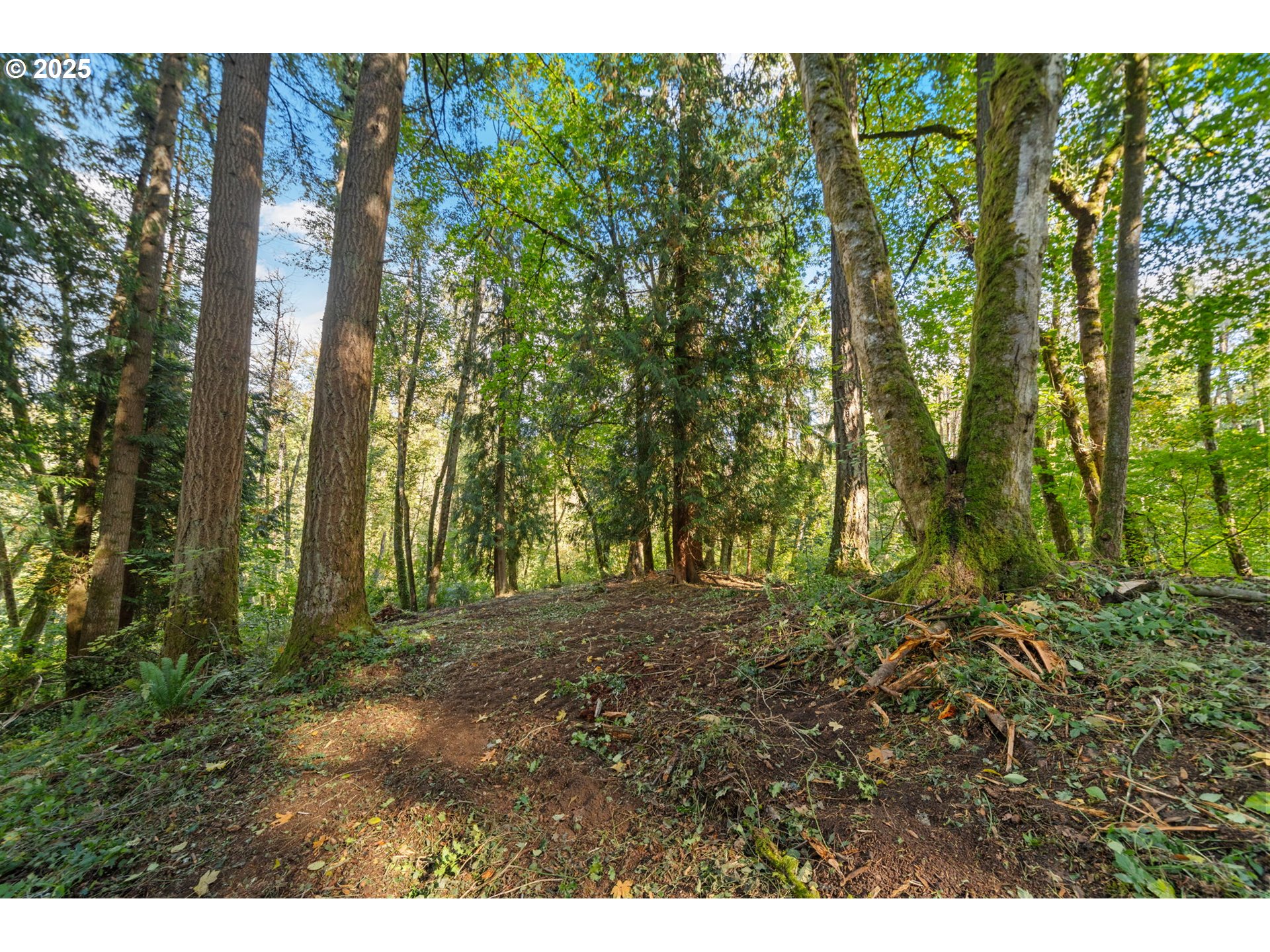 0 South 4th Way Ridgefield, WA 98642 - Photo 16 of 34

====

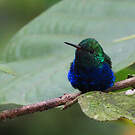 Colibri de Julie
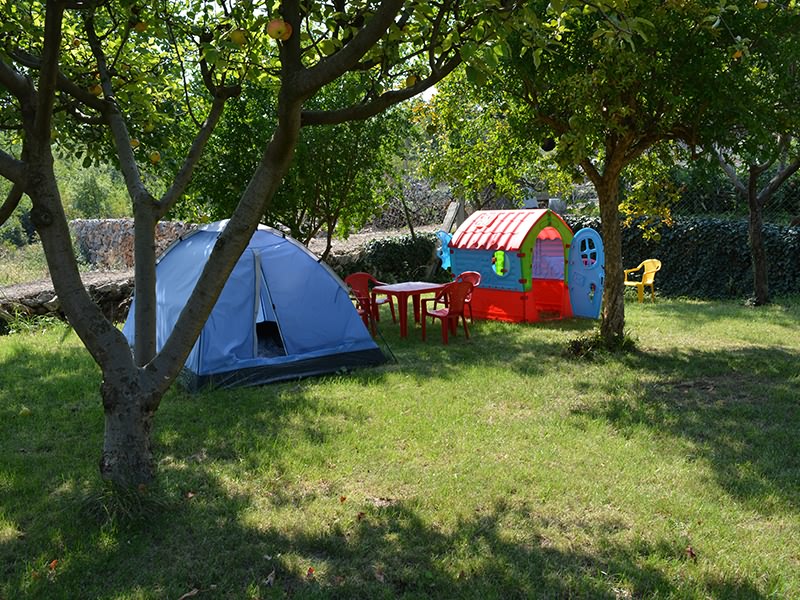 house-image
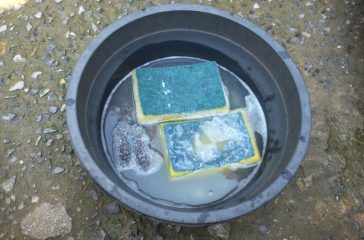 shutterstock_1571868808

====

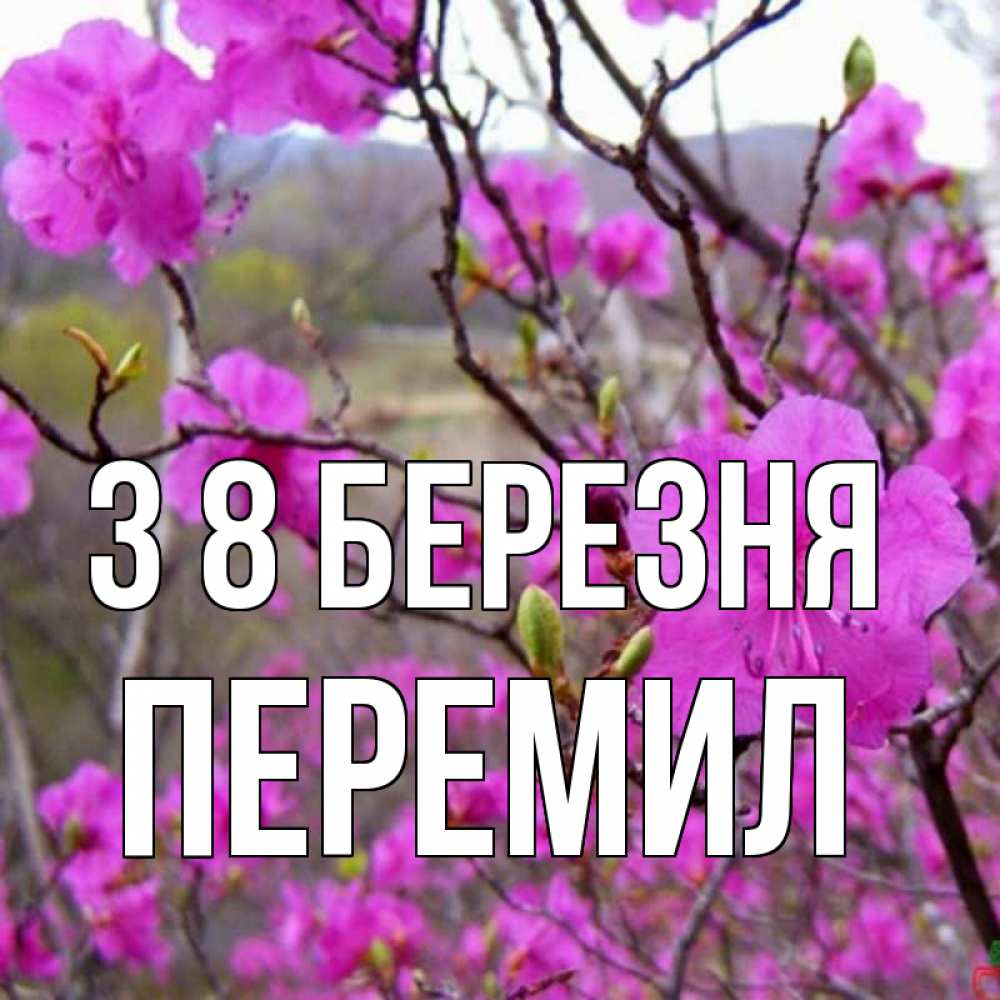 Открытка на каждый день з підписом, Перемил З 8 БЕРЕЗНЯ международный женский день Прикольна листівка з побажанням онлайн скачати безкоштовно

====

**To do**
Among the entries above, find the line with "Colibri de Julie" and repeat exactly from there through the line with "shutterstock_1571868808", leaving out the pictures.

**Solution**
 Colibri de Julie
 house-image
 shutterstock_1571868808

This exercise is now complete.